師とする父と私の生い立ちに就いて2

 父は短歌の方にも力を入れて同人で「子午線」と言う歌集を発行していました。斎藤茂吉氏の孫弟子で、後々、清酒「花清水」のラベルは茂吉氏の文字になりました。味のある大らかな、流石、大家の文字でした。

 又、同じ頃の記憶で、父が富本憲吉氏の作品集を私に観せて呉れました。「この人は100年に一人と言われる程の陶芸家だ!」と言ってたのを覚えています。びっしりの模様が整然として絵付された壷でした。又、徳利はすごーく、ウエストが細くキューッとしまった魅力的な感じだナァ…。フーンと勝手に鑑賞していました。新匠工芸会展に初出品した42年前に(そ の後現在まで連続出品)この会が富本憲吉氏や稲垣稔次郎氏等が創始された在野、美術工芸団体の会であったと知り私にとって、その作品集を通して細い一本の糸が繋がっていた様に感じました。

 何でもよく出来る人だったので彼の前では子供達は皆、注意されるか、説教される事に決まっている様なもので敬遠されていました。私は5人の末子だった為に「あんたが一番可愛がって貰ったんや!」と父が亡くなった通夜の時に兄や姉達から言われました。そうなんか…。そうなんや…!。皆は大変だったんです。いつも鶴の一声で、総て彼の意志の通りに行動する事を要求され、何度も衝突する度に挫折感を味わい辛い事でした。私は幸い絵や文学が好きであった為に父との共通する範囲の内で多少は説教から逃れられる隙間と緩和剤を持ち合わせていたんだと思います。その点は幸せでした。そして兎角、秀でる才能を持っている人は、純粋ですが、それ故に頑固一徹で他のものを受け入れ難い性格の人が多い様です。特に父の様に片田舎で生まれ育って友人との交流が少いと尚さらです。

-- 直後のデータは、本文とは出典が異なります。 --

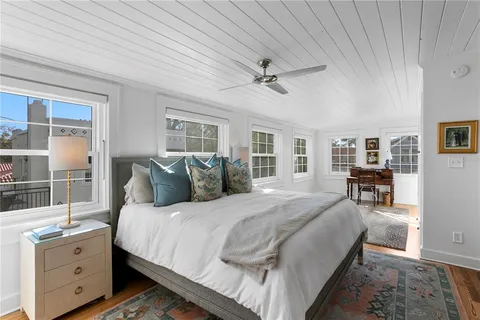 a view of a yard with plants and trees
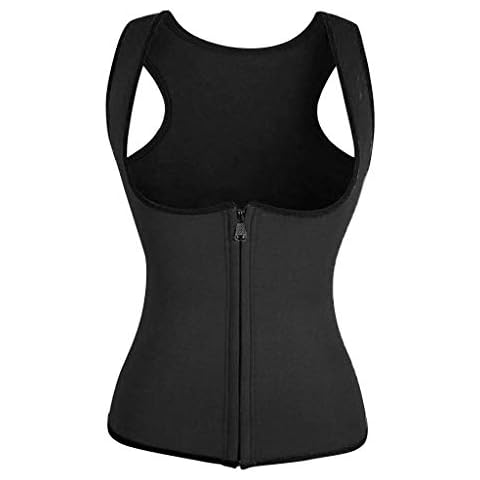 99AMZ Women Underbust Corset Sport Workout Body Shaper Vest Women Waist Trainer Cincher Slimming Fitness Tummy Control Tank Waist Trainer Vest Zipper Corset Plus Size (Black, 2XL) Cover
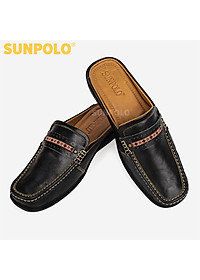 Giày Sapo Nam Da Bò Bít Mũi Cao Cấp SUNPOLO SPO002 (Đen)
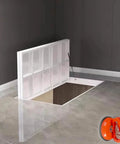 Slick Flush Floor Hatch Door For Basement Cellar Hidden Crawl Space Access Panel Locks Down Firm With Vinyl Tile Granite Or Wood Surfaces Heavy Duty Steel Plate 60X36 Inches seen installed in modern flooring.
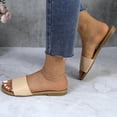 thumbnail image 4 of GJPBGK Women's Flat Slide Sandals Open Toe One-Band Summer Slip-On Shoes for Beach, Travel & Casual Outfits, 4 of 6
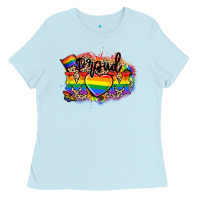 Baby Blue Proud Mom leopard Ladies Tee - NancyCooperArtShop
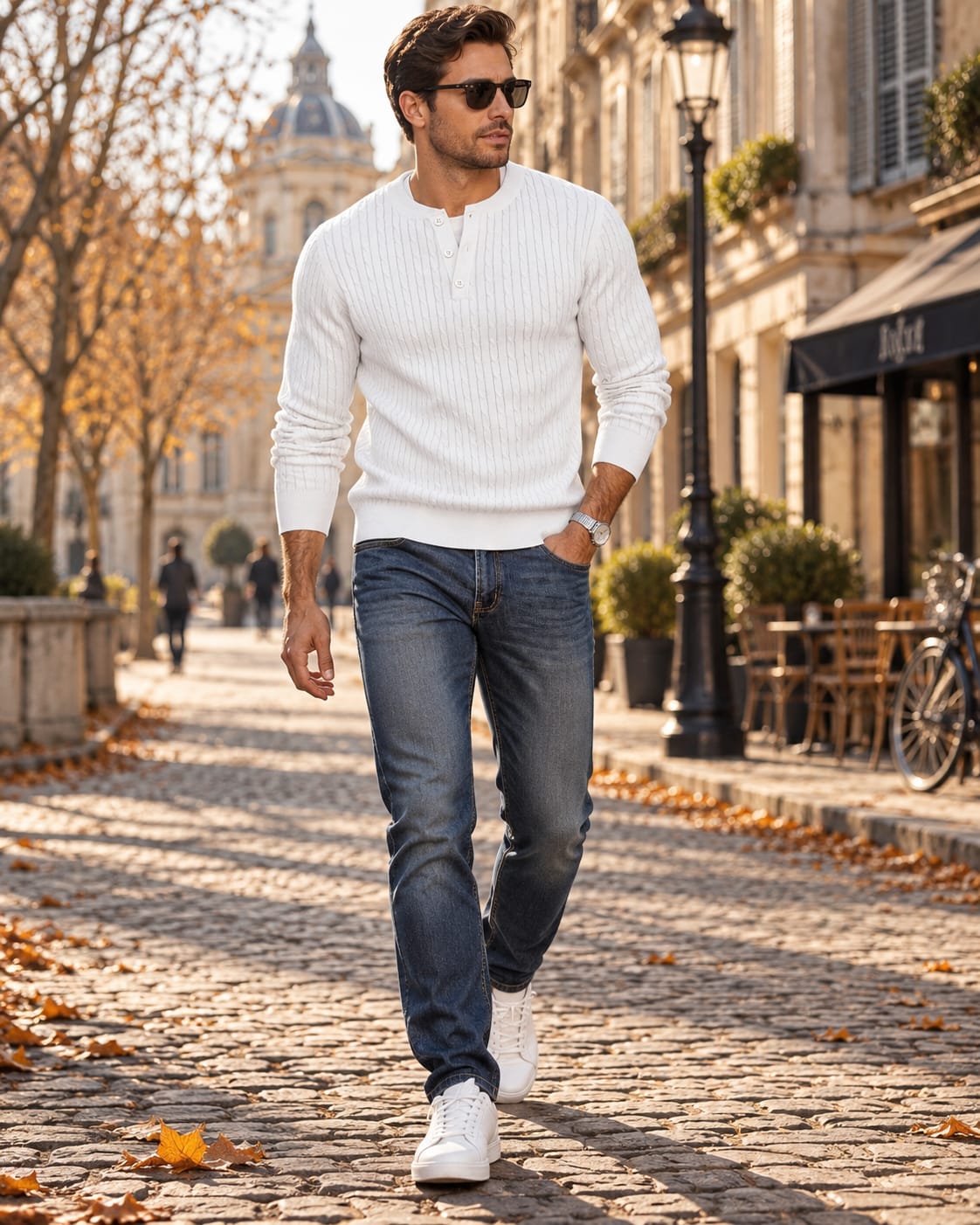 Men's Cable Knit Henley Jumper | Fergus_6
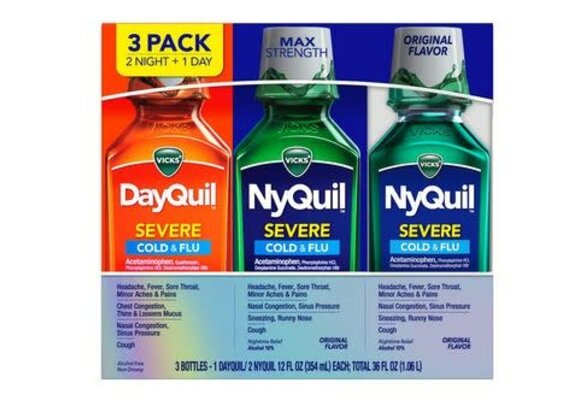 Vicks - DayQuil + NyQuil 3 pack Severe Cold & Flu 12oz ea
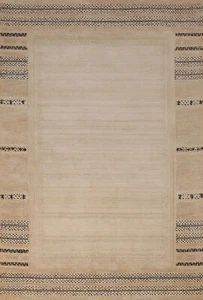 Bordered Timeless Gabbeh Design High-quality Beige Hand-tufted Wool Rug 5x8 ft - Picture 1 of 14
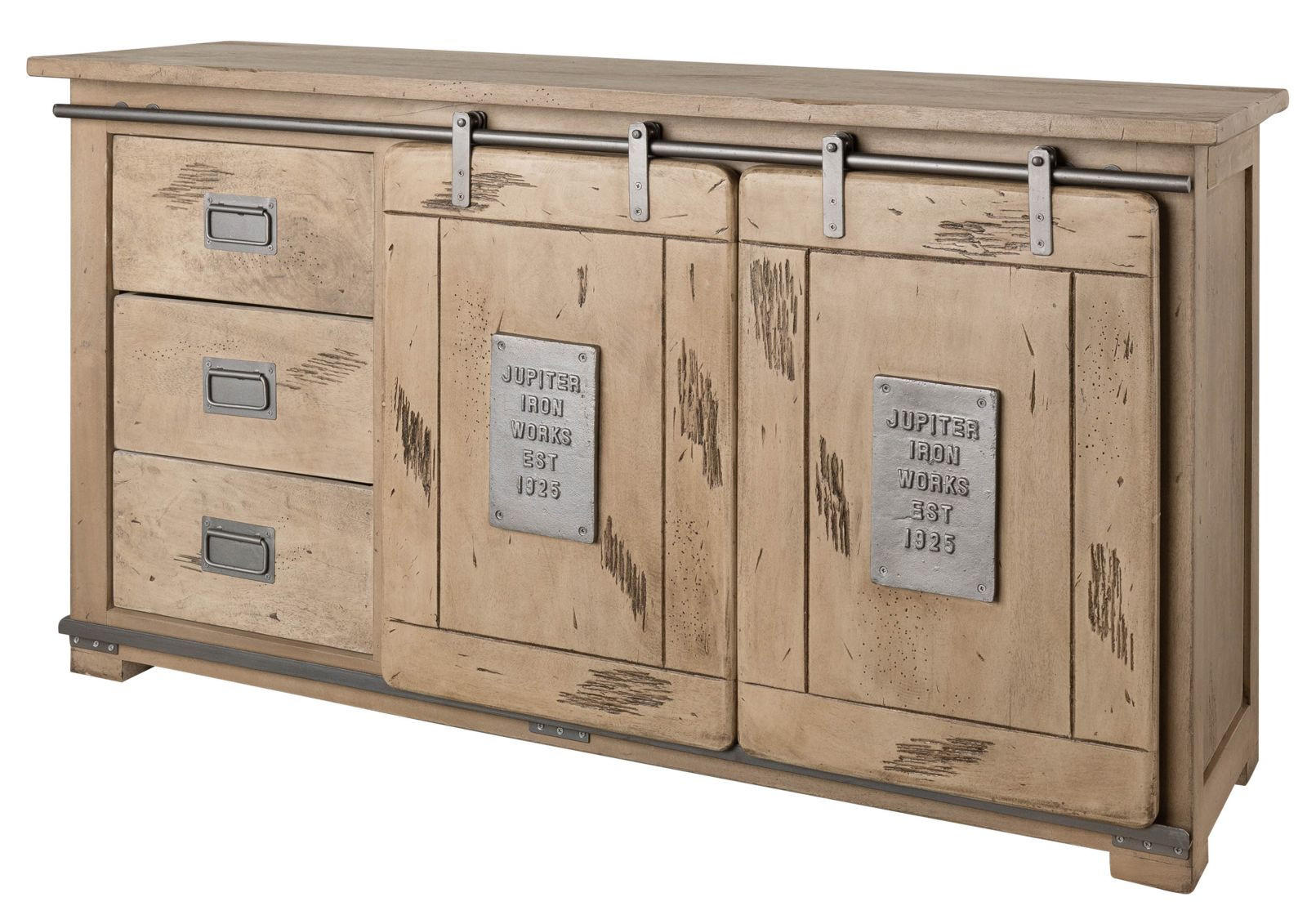 SIDEBOARD Mango 150x45x80 whitewash lackiert RAILWAY #300 - Beige, Holz (150/80/45cm) - Massivmoebel24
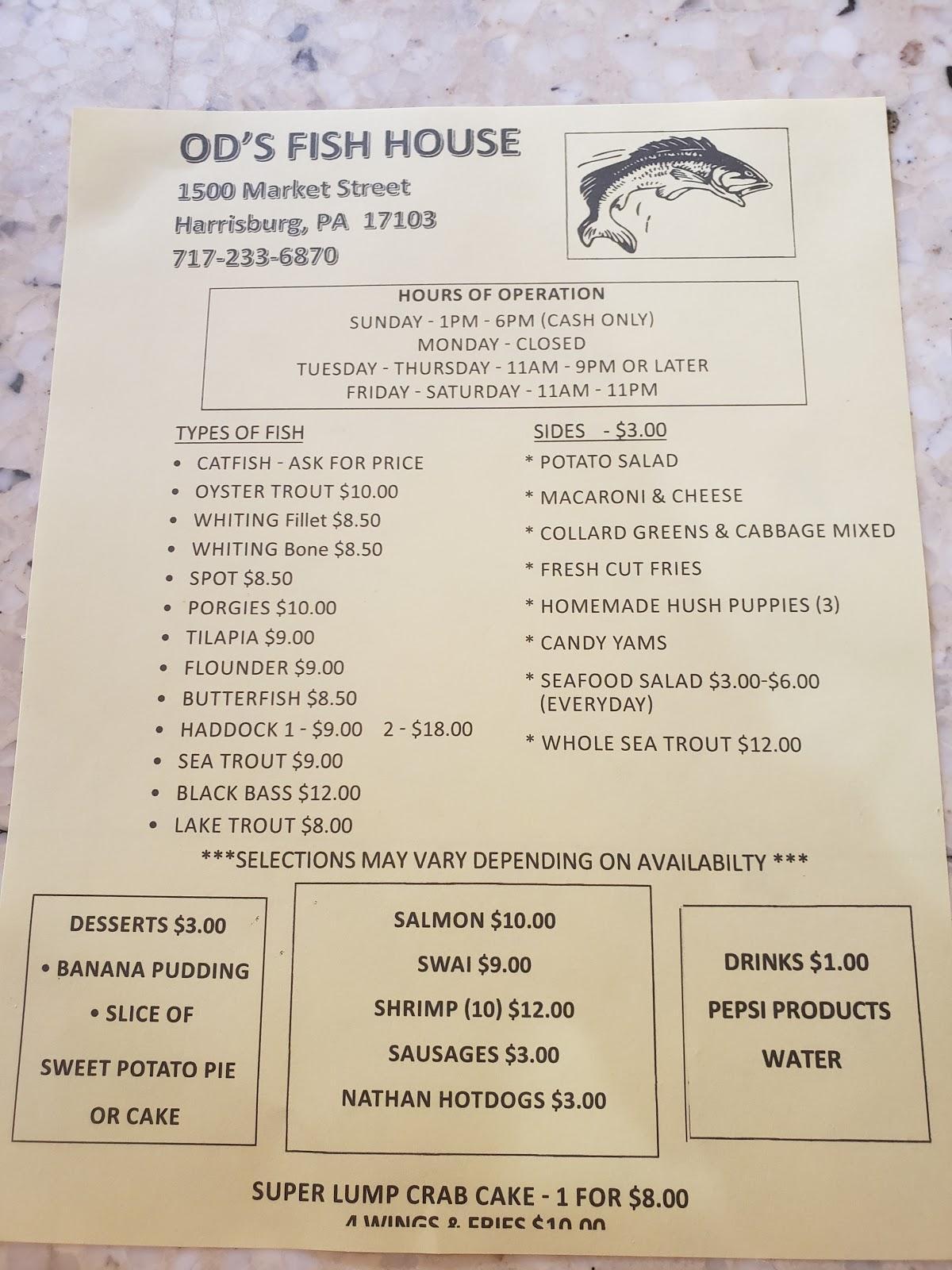 Menu at Od's Fish House restaurant, Harrisburg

 昭和10年前から父は写真の方に手を出し自分で現像していました。絵を描くより短期間で結果が出る為にその方で心を癒していたと思われます。それから80年近く経った今、その写真の一枚は私のアトリエに貼っています。カメラを通じて彼が如何に構図、光と陰の部分に心を集中させていたかが伝わってきて、この一瞬、一点に胸が熱くなります。